• **WHAT YOU NEED TO DO**
Below this line is a set of entries; quote exactly the lines from the line that contains "pink adobe 総レース 刺繍 半袖ニット ブラウス シャツ【未着用】" to the line that contains "(áz - Unclassified", both lines included.

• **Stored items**
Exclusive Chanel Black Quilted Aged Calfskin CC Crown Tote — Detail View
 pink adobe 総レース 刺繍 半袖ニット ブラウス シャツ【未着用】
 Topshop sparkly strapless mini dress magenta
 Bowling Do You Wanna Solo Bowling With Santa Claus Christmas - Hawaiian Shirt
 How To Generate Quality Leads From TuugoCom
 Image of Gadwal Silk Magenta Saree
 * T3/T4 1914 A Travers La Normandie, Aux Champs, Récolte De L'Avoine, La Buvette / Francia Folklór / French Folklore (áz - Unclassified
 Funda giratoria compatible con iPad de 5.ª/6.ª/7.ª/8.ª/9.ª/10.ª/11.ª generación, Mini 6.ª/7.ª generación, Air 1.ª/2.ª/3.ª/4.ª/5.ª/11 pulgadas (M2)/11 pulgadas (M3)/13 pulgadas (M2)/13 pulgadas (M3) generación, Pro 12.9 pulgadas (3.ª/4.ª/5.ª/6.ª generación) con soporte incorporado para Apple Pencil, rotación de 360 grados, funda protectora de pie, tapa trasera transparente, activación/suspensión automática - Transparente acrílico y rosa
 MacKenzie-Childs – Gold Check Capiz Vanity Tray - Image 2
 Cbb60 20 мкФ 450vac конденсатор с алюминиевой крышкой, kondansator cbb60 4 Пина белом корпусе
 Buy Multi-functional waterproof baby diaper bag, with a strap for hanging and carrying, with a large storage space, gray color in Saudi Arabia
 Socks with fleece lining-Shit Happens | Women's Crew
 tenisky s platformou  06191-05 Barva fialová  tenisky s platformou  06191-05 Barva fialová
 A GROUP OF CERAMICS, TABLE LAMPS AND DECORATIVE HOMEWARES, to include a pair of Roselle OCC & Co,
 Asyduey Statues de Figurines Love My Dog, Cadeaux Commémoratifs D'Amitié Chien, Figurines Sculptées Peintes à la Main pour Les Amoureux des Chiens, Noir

• **SOLUTION TO THE PROBLEM**
 pink adobe 総レース 刺繍 半袖ニット ブラウス シャツ【未着用】
 Topshop sparkly strapless mini dress magenta
 Bowling Do You Wanna Solo Bowling With Santa Claus Christmas - Hawaiian Shirt
 How To Generate Quality Leads From TuugoCom
 Image of Gadwal Silk Magenta Saree
 * T3/T4 1914 A Travers La Normandie, Aux Champs, Récolte De L'Avoine, La Buvette / Francia Folklór / French Folklore (áz - Unclassified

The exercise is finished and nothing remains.